We can run the pipeline over a range of dates by passing an end-date

and a start-date, where it will only bring data within this date range.

>>> pipeline.run(end_date="2020-08-04", start_date="2020-07-04")

Or run up to a date, where it will only bring data up to the specific date.

>>> pipeline.run(end_date="2020-08-04")

Or just a specific date, where you will only bring data for that day.

>>> pipeline.run_for_date(execution_date="2020-08-04")
property feature_set: FeatureSet

Feature set composed by features and context metadata.

run(end_date: Optional[str] = None, partition_by: Optional[List[str]] = None, order_by: Optional[List[str]] = None, num_processors: Optional[int] = None, start_date: Optional[str] = None) None

Runs the defined feature set pipeline.

The pipeline consists in the following steps: - Constructs the input dataframe from the data source. - Construct the feature set dataframe using the defined Features. - Load the data to the configured sink locations.

It’s important to notice, however, that both parameters partition_by and num_processors are WIP, we intend to enhance their functionality soon. Use only if strictly necessary.

run_for_date(execution_date: Optional[str] = None, partition_by: Optional[List[str]] = None, order_by: Optional[List[str]] = None, num_processors: Optional[int] = None) None

Runs the defined feature set pipeline for a specific date.

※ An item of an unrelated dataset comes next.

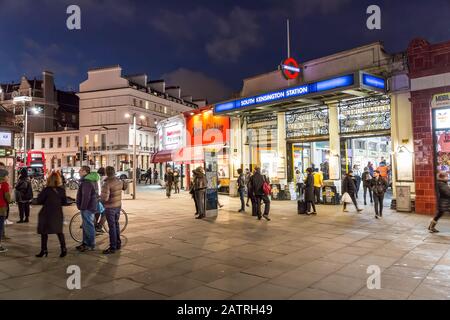 South Kensington Station in der Dämmerung, London Stockfoto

The pipeline consists in the following steps:

  • Constructs the input dataframe from the data source.

  • Construct the feature set dataframe using the defined Features.

  • Load the data to the configured sink locations.

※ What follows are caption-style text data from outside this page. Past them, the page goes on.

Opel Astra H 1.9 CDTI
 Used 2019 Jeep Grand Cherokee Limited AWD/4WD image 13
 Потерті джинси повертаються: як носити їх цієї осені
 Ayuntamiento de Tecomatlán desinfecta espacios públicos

It’s important to notice, however, that both parameters partition_by and num_processors are WIP, we intend to enhance their functionality soon. Use only if strictly necessary.

property sink: Sink

Sink used to write the output dataframe in the desired locations.

property source: Source

Source of the data, the entry point of the pipeline.

property spark_client: SparkClient

Client used to access Spark connection.